Apparently AMD has decided they're called "Work group processors" instead of "double compute units", shoulda taken the latter smh.
Regardless, I'd take the CEO's statement as meaning their continued use of TSMC is uncertain. 5nm on TSMC is really odd, very very little in terms of power/performance improvement, a lot in terms of scaling improvement. But scaling improvement doesn't translate directly to cheaper per transistor, and moving to new processes is really expensive. Besides, scaling as a limit for RDNA isn't even in sight, Navi 10 can be straight double, more than in terms of performance, for die size but they'd hit power limits far quicker. AMD doesn't need scaling unless it has cost benefits.

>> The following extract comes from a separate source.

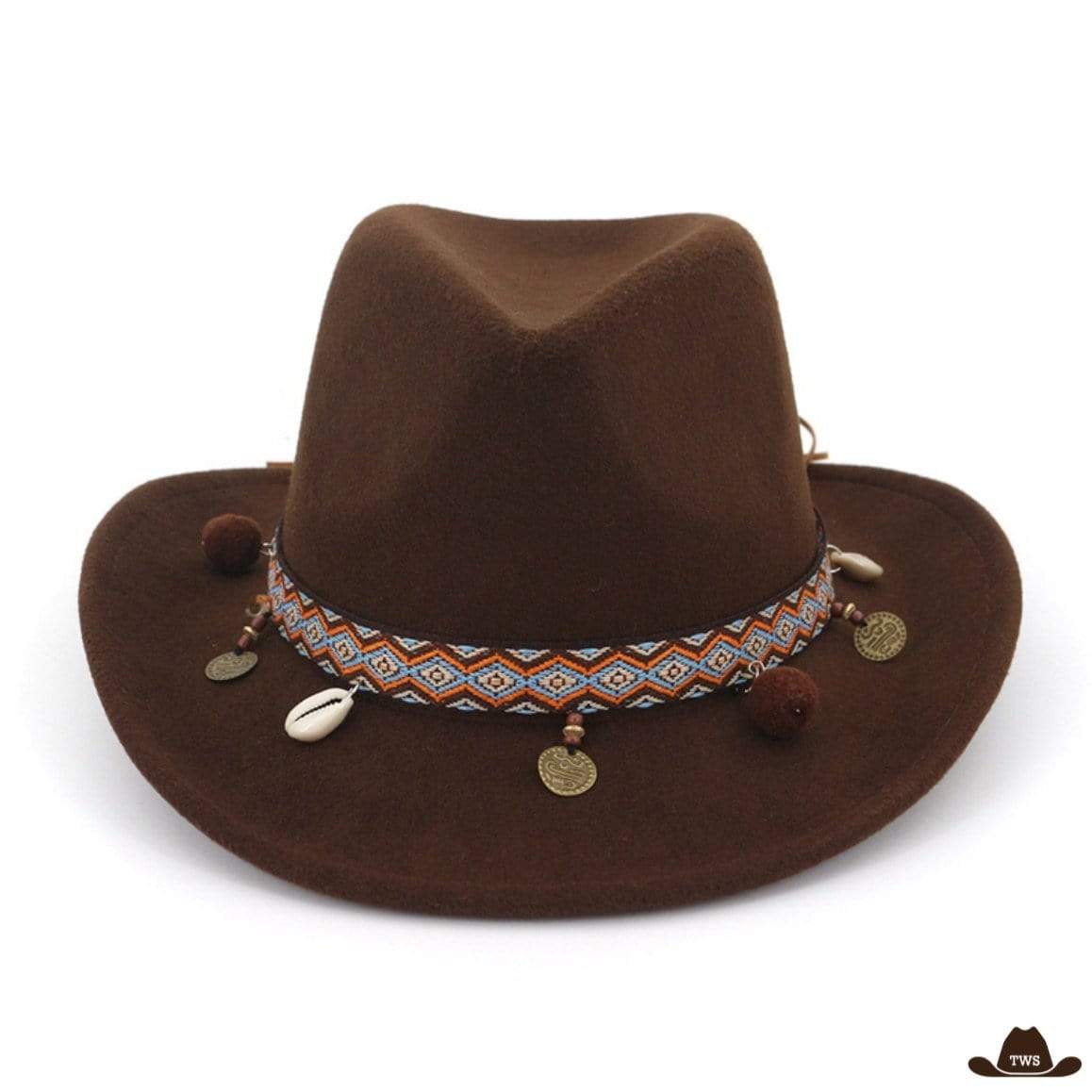 Chapeau de Western Marron Indian – Image 2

So at the very least it's doubtful we'll see 5nm in 2021, that it's in a PR release is probably partly a tactic to put pressure on TSMC. But it probably also mean they're considering switching to Samsung. Which makes sense, Samsung's initial nanosheet presentation was really impressive, even moreso when they stated it was going to be tool compatible with their upcoming "4nm" process. Making transitioning between nodes cheaper, faster, and smoother is becoming just as important as the node's improvements itself, and so far TSMC feels like it's having trouble juggling that with "7nm+" "6nm" and "5nm" all coming up in a similar timeframe.